If you rated yourself high on your financial management abilities but your colleagues gave you a low or moderate score, it indicates that you aren’t as strong of a financial manager (in the perspective of your team) as you think you are.

This typically stems from a lack of communication. If you manage a budget and your team sees you spending money on things that seem lavish and unnecessary (from their perspective), this can cause them to feel like you aren’t managing your company’s finances appropriately. This feeling is magnified if they feel underpaid while seeing this. If you don’t manage a budget and your team gave you a low or moderate financial management score, it means that they don’t believe that you spend your time at work effectively or that you are overpaid for your work. If salaries aren’t public information, people make assumptions for income based on your lifestyle, and if your lifestyle appears to be better than others, especially if they see you doing the same or less work than them, they will notice.

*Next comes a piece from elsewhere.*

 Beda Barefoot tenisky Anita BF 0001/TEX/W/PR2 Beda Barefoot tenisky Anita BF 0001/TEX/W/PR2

If people at your work are staying late and getting in early, and meanwhile they see you working the base 9 to 5, then that may cause them to become frustrated. They might think that either you are lazy, or that you are expecting more from them than is fair. What they may not realize is that your work responsibilities might be deeply analytical and have a compounding impact on the business, or they might not see the parts of your job that take place outside the office. For example, some work directly correlates time with output – essentially the company can get a certain number of tasks done by an employee for every hour they are at work; this is called linear productivity. On the other hand, there is work that, with intentional deep thinking, has an exponential impact on output in shorter bursts, but with increasingly marginal returns over a long period of time; this is called exponential productivity. Not every job has the same types of tasks and productivity needs; but without your open communication with your team, you can end up looking like a slacker. 

The point is that until the truth is communicated to those you work with, they will form assumptions to fill in the gaps as to why things are happening the way that they are. Unfortunately, many of these assumptions are negative.

The best thing you can do to improve your financial management abilities, both for you and for how your team perceives you, is to communicate and learn. New innovations are constantly happening to make our work more efficient and effective. If we are open to learning about these tools and resources, we can ensure we are up to date on what needs to be done to be most effective at work – both for managing a budget and managing our time at work. Communicating effectively to those we work with allows them to know how we are spending our budget and our time. The more we can loop our team in on budget decisions and decisions about how to best spend our time, the more aware they will be as to what we are doing and how that is impacting the business. The best-run companies did not end up that way by accident; they intentionally fostered a company culture of honesty, hard work, and accountability from the top down and that pays dividends when everyone is brought into the fold.

In essence, overestimating your abilities in these categories does not mean that you will forever be this way, but it does mean that there are opportunities for growth that you must tap into if you would like to improve.